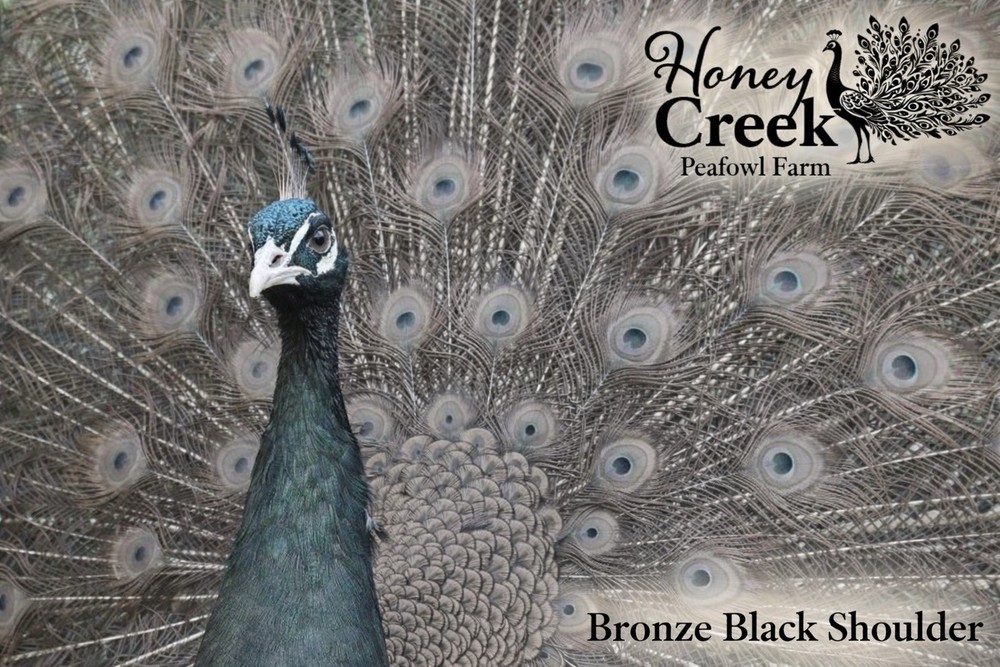*12* Rare Peafowl Peacock Hatching Egg’s Multiple Color Varieties 🥚✅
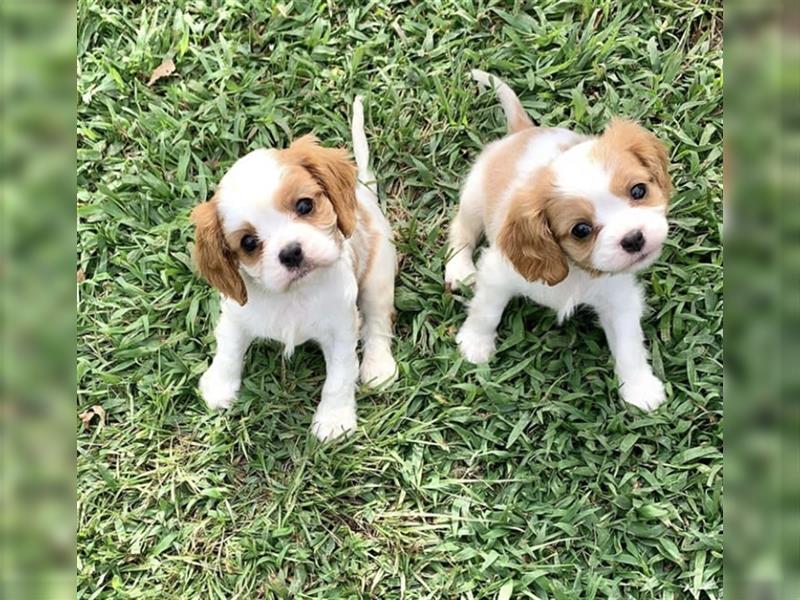 Cavalier King Charles spaniel welpen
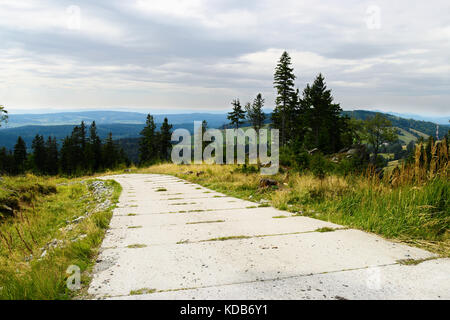 Strada con lastre di calcestruzzo pavimentazione sulla collina in owl montagne (scabrosi sowie) landscape park, sudetes, a sud-ovest della Polonia. Foto Stock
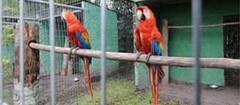 criadores-de-animais-em-embu-das-artes-1440953889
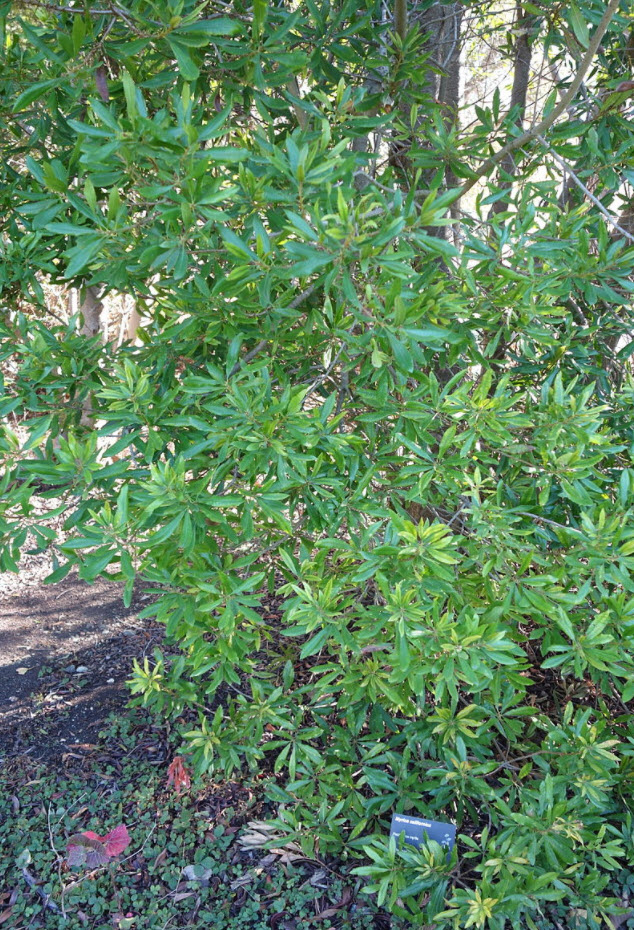 Myrica californica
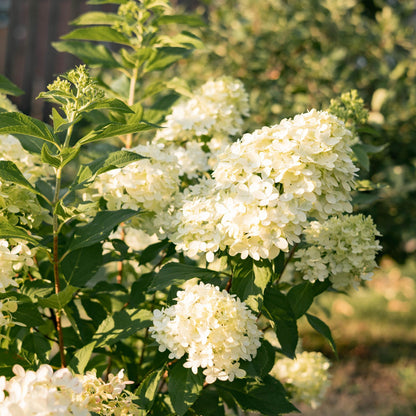 Pluim Hortensia - Hydrangea panniculata Limelight - Bloem Creme Wit  - 1 Plant - Bladverliezend - Grote Bloemen - Pot 17cm Hoogte 50cm
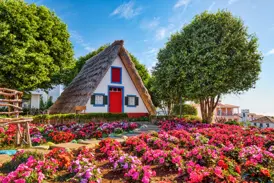 Ein traditionelles, strohgedecktes Bauernhaus in Santana auf Madeira, umgeben von einem bunten Blumengarten unter blauem Himmel.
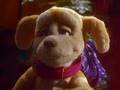 Sooper Puppy: Self-Esteem (clip)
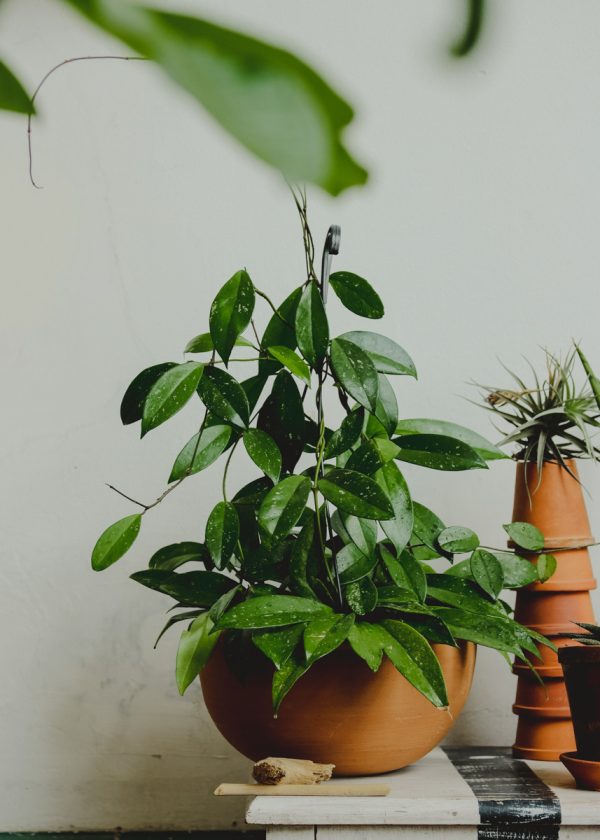 tienda-de-plantas-en-uruguay-montevideo-0376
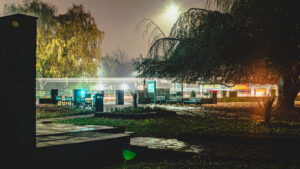 What it usually looks like when I walk Ozzy, at 4am, in Endcliffe Park. https://twitch.tv/ShaneRounce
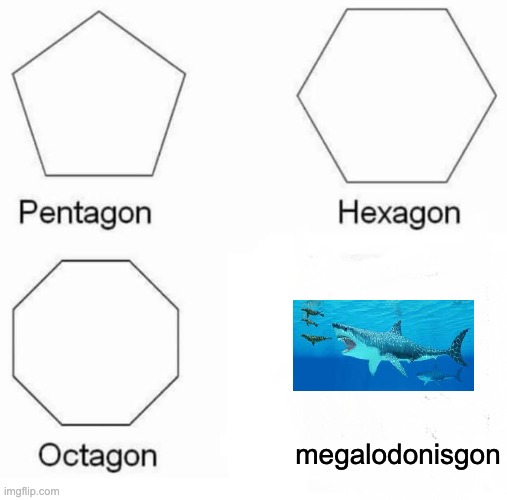 Pentagon Hexagon Octagon Meme | megalodonisgon | image tagged in memes,pentagon hexagon octagon | made w/ Imgflip meme maker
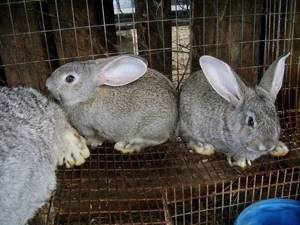 Кролики на ферме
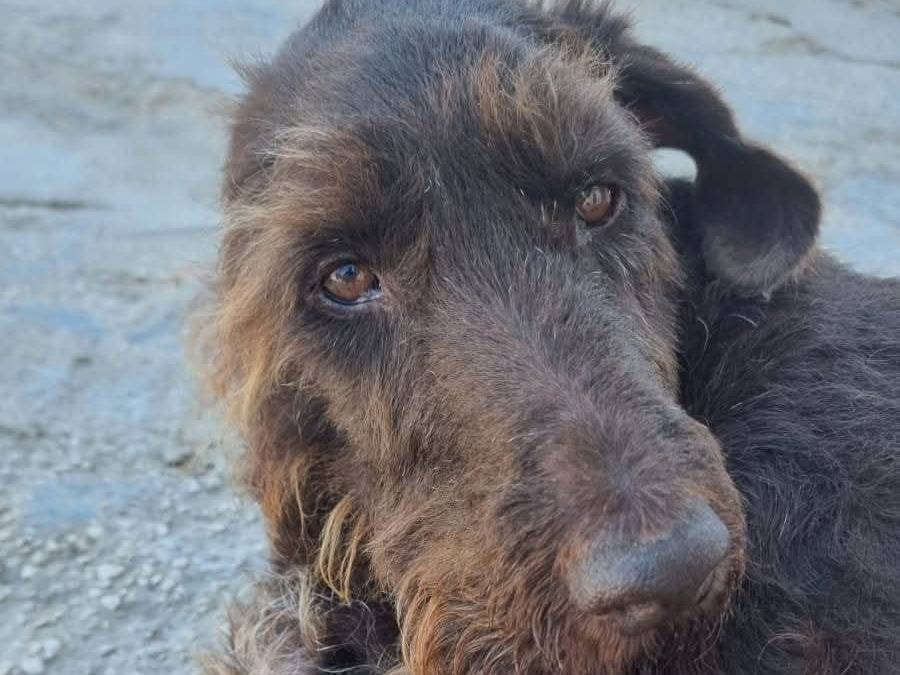 Adotta il cane Baffone  a Caserta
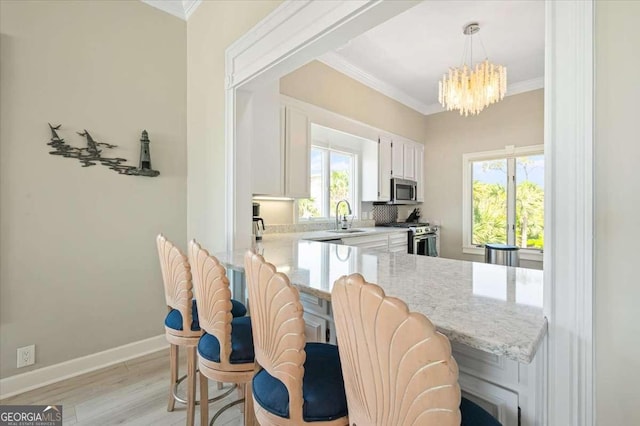 kitchen with crown molding, a sink, and stainless steel appliances
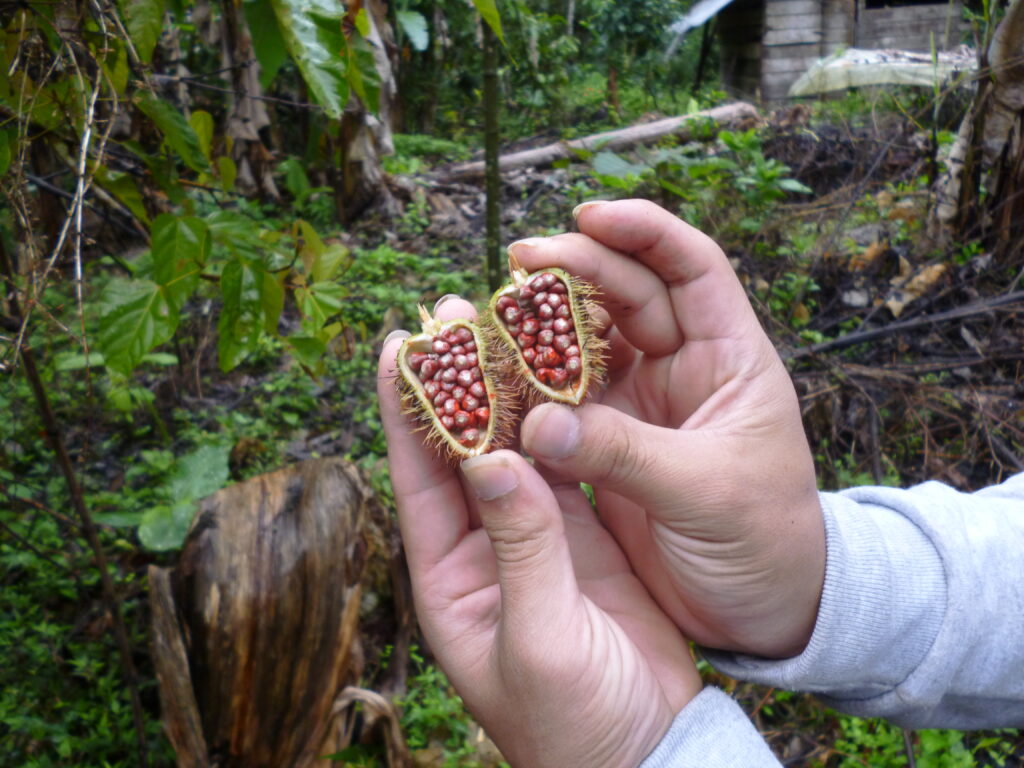 Seeds of the Achiote fruit.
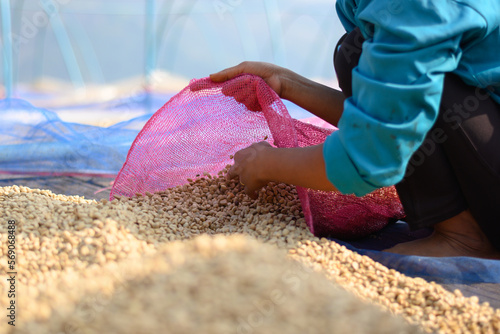 dried coffee beans photo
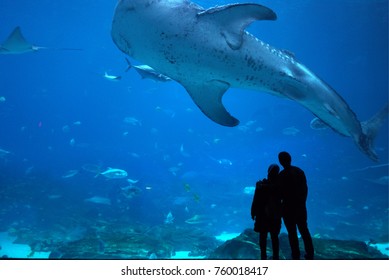 Couple Observing Giant Whale Shark In Atlanta Aquarium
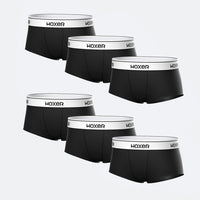 Bold Black 6-Pack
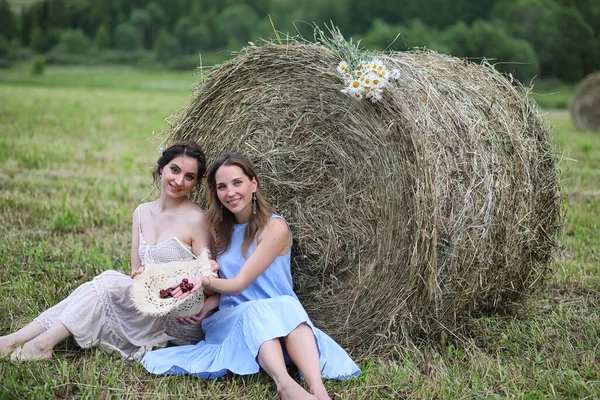 Dos Hermosas Chicas Vestidos Campo Verano Con Berrie — Foto de Stock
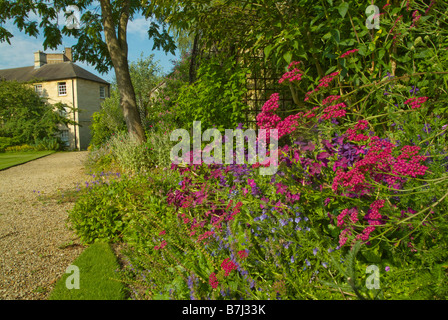 Green Templeton College Oxford Jardin Banque D'Images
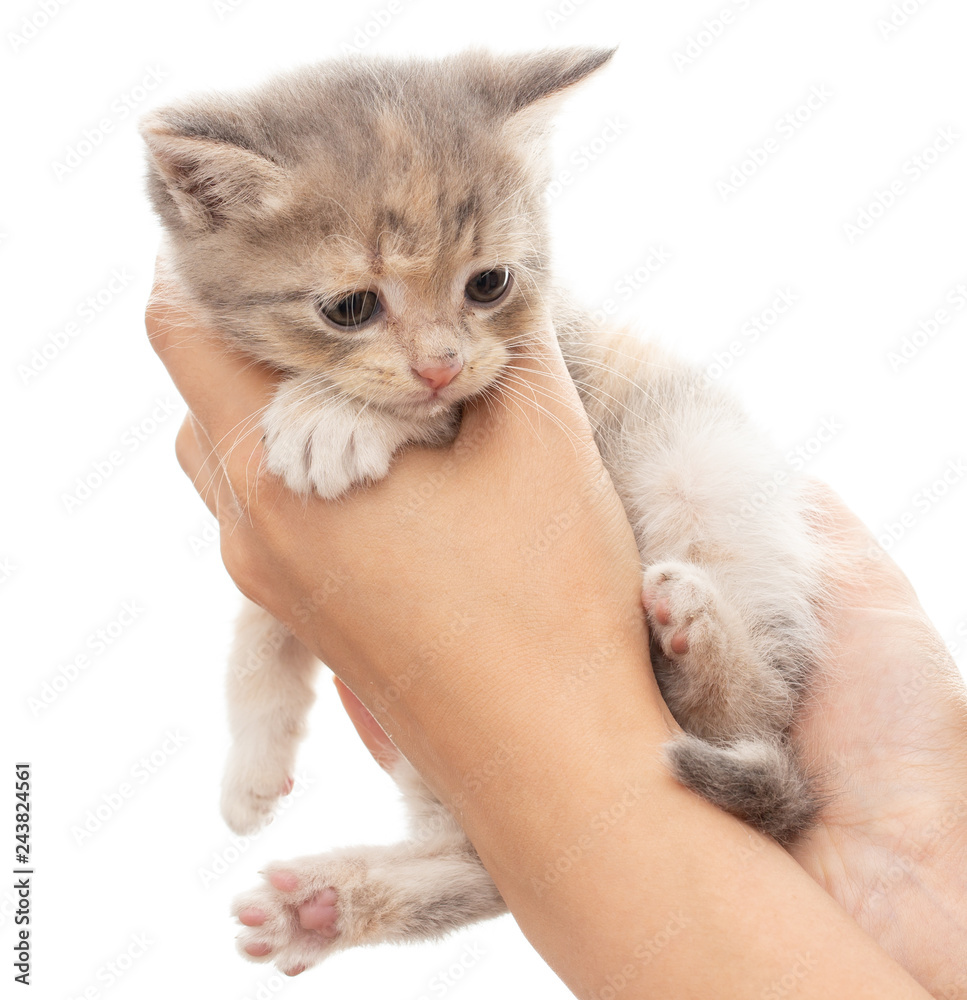 Little kitten in hand on white background Little kitten in hand on white background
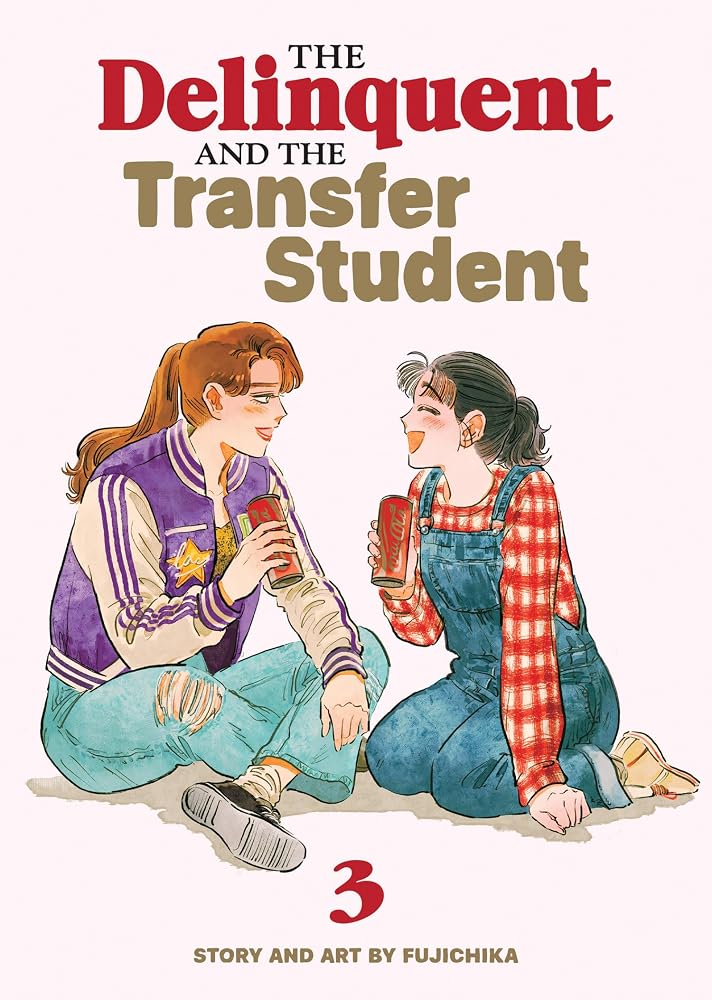 The Delinquent and the Transfer Student Vol. 3 cover image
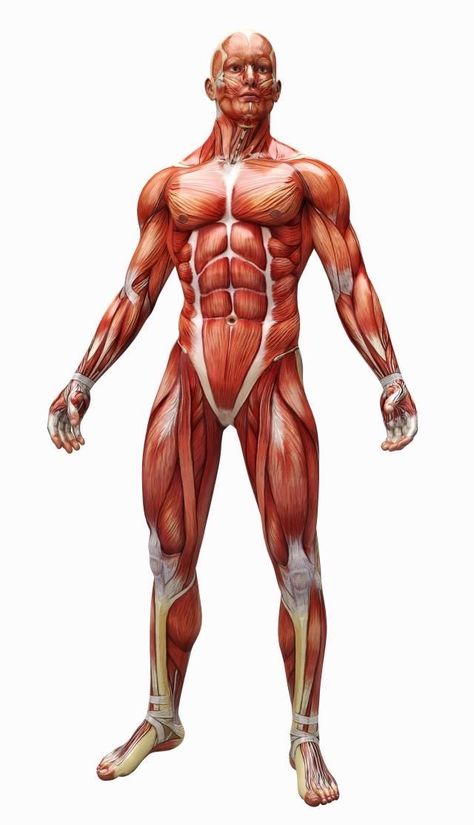 Body Muscle Anatomy, Human Muscle Anatomy, Human Anatomy Reference, Basic Anatomy And Physiology, Man Anatomy, Anatomy Sculpture, Anatomy Models, Kettlebell Training, Muscle Anatomy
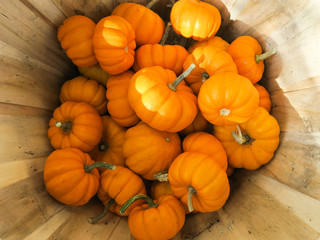 Mini pumpkins stacked in a basket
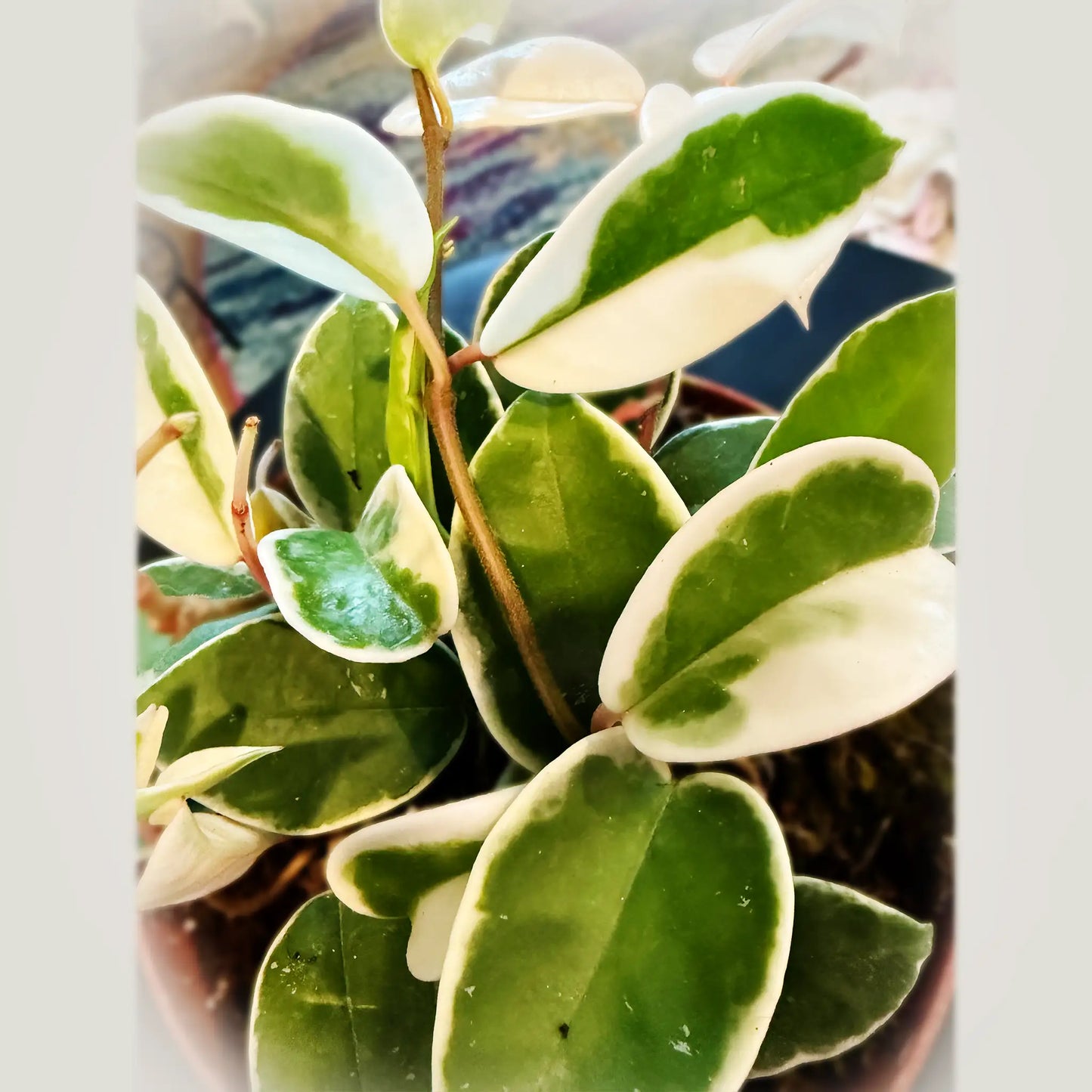 Hoya carnosa 'Krimson Queen' – Stunning Variegated Tropical Vine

TASK DIRECTIONS:
Give the entries again word for word, but skip the pictures.

RESPONSE:
*12* Rare Peafowl Peacock Hatching Egg’s Multiple Color Varieties 🥚✅
 Cavalier King Charles spaniel welpen
 Strada con lastre di calcestruzzo pavimentazione sulla collina in owl montagne (scabrosi sowie) landscape park, sudetes, a sud-ovest della Polonia. Foto Stock
 criadores-de-animais-em-embu-das-artes-1440953889
 Myrica californica
 Pluim Hortensia - Hydrangea panniculata Limelight - Bloem Creme Wit  - 1 Plant - Bladverliezend - Grote Bloemen - Pot 17cm Hoogte 50cm
 Ein traditionelles, strohgedecktes Bauernhaus in Santana auf Madeira, umgeben von einem bunten Blumengarten unter blauem Himmel.
 Sooper Puppy: Self-Esteem (clip)
 tienda-de-plantas-en-uruguay-montevideo-0376
 What it usually looks like when I walk Ozzy, at 4am, in Endcliffe Park. https://twitch.tv/ShaneRounce
 Pentagon Hexagon Octagon Meme | megalodonisgon | image tagged in memes,pentagon hexagon octagon | made w/ Imgflip meme maker
 Кролики на ферме
 Adotta il cane Baffone  a Caserta
 kitchen with crown molding, a sink, and stainless steel appliances
 Seeds of the Achiote fruit.
 dried coffee beans photo
 Couple Observing Giant Whale Shark In Atlanta Aquarium
 Bold Black 6-Pack
 Dos Hermosas Chicas Vestidos Campo Verano Con Berrie — Foto de Stock
 Green Templeton College Oxford Jardin Banque D'Images
 Little kitten in hand on white background Little kitten in hand on white background
 The Delinquent and the Transfer Student Vol. 3 cover image
 Body Muscle Anatomy, Human Muscle Anatomy, Human Anatomy Reference, Basic Anatomy And Physiology, Man Anatomy, Anatomy Sculpture, Anatomy Models, Kettlebell Training, Muscle Anatomy
 Mini pumpkins stacked in a basket
 Hoya carnosa 'Krimson Queen' – Stunning Variegated Tropical Vine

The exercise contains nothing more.